The two leaders are to resume their talks today in preparation for another meeting planned for Saturday to be attended by all three parties involved in the Bosnian conflict: the Bosnian Croats, the Serbs and the Muslims.

The United Nations Secretary- General, Boutros Boutros-Ghali, is due to chair today's talks with Presidents Tudjman and Izetbegovic and the President of the rump state of Serbia and Montenegro, Dobrica Cosic.

Mr Tudjman and Mr Izetbegovic held a detailed discussion on the provinces' possible borders, taking ethnic and economic factors into account, Mr Eckhard explained, adding that the stated aim of Mr Vance and Lord Owen was to 'avoid a crude ethnic division of Bosnia-Herzegovina' into three blocks as the Bosnian Serbs have demanded.

Lord Owen and Mr Vance have invited the leaders of the Croatian, Serbian and pro-government communities of Bosnia-Herzegovina to submit maps contributing to the creation of a republic with about 10 autonomous regions under a loose central authority based in Sarajevo.

While the peace talks were under way, Sarajevo Radio reported that Bosnian Serb forces fired two surface-to-surface missiles into the besieged northern Muslim town of Gradacac. It said a second Luna missile hit the town at 10am amid heavy shelling and an infantry assault. The first missile struck at 7.30am. The radio said it was not known if there were casualties.

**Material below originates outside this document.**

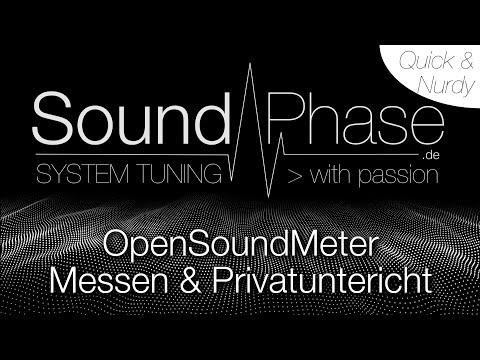 SoundPhase.de Smaart vs. Open Sound Meter – Praxis-Tutorial & Live-Messung mit Privatunterricht!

Serbian forces have intensified attacks on Gradacac and on joint Muslim and Croatian lines around nearby Serb-held Brcko. Both towns lie within a vulnerable Serbian corridor across northern Bosnia linking Serbia with areas of Croatia now controlled by ethnic Serbs.

British United Nations troops in Bosnia came under mortar fire twice within hours on Saturday, an army spokesman said. In the first attack, near the eastern town of Tuzla, one officer and two civilians were wounded. The second attack took place on a road dubbed 'Bomb Alley' near the eastern town of Kladanj.

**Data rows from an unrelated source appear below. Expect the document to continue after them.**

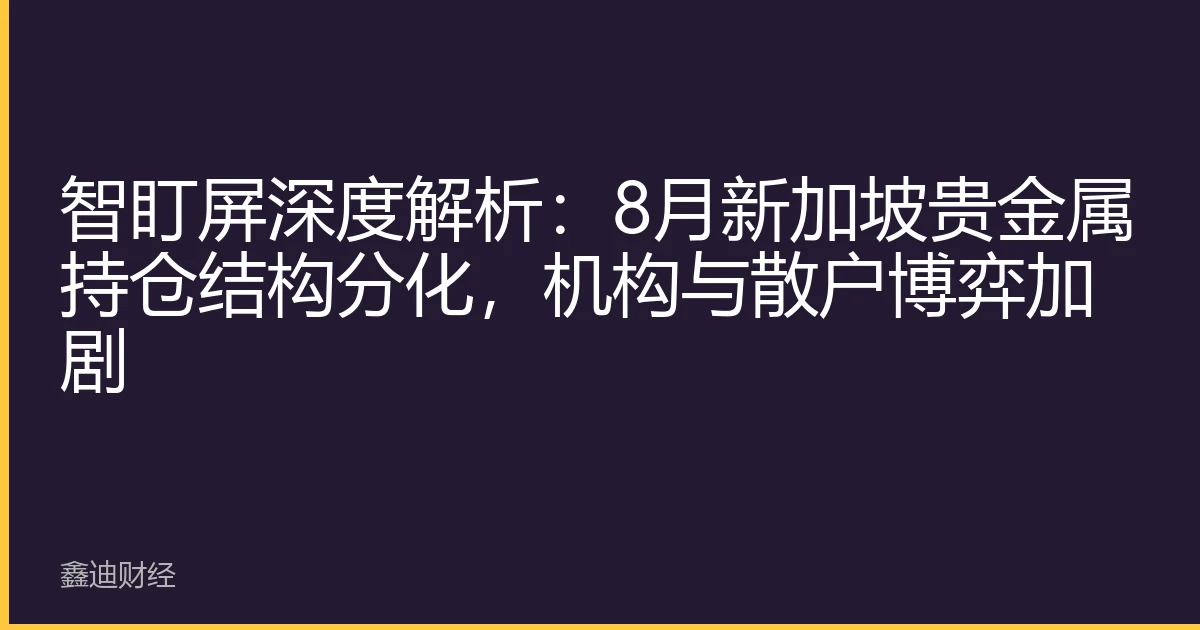 智盯屏深度解析：8月新加坡贵金属持仓结构分化，机构与散户博弈加剧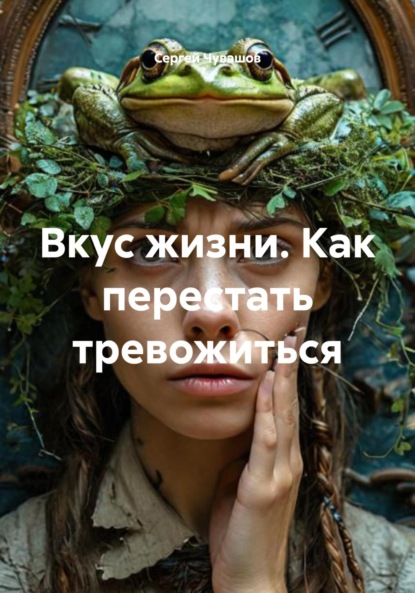 Вкус жизни. Как перестать тревожиться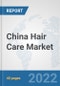 China Hair Care Market: Prospects, Trends Analysis, Market Size and Forecasts up to 2028 - Product Thumbnail Image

Serbian forces fired three mortar bombs at a convoy of four British Warrior armoured troop carriers, the spokesman said. There were no casualties. 'Everybody who goes down that road is running on a tightrope,' said one British officer.

Bosnia has rejected a plea to evacuate 1,500 people from its capital, Sarajevo, saying the plan brokered by Lord Owen was based on ethnicity. 'This was a scheme based on black sheep and white sheep and sheep of a third colour and we rejected it,' said Bosnia's Vice-President, Ejup Ganic, yesterday.

However, a United Nations official scheduled to discuss the plan with Bosnian government officials yesterday was optimistic that the evacuation might still go ahead. Lord Owen, who visited Sarajevo last week, asked the Bosnian government to permit three groups of 500 people from each of the country's main population groups - Muslims, Serbs and Croats - to leave Sarajevo over the Christmas holidays as a gesture of goodwill. The plan originated with rebel Serbs besieging the city.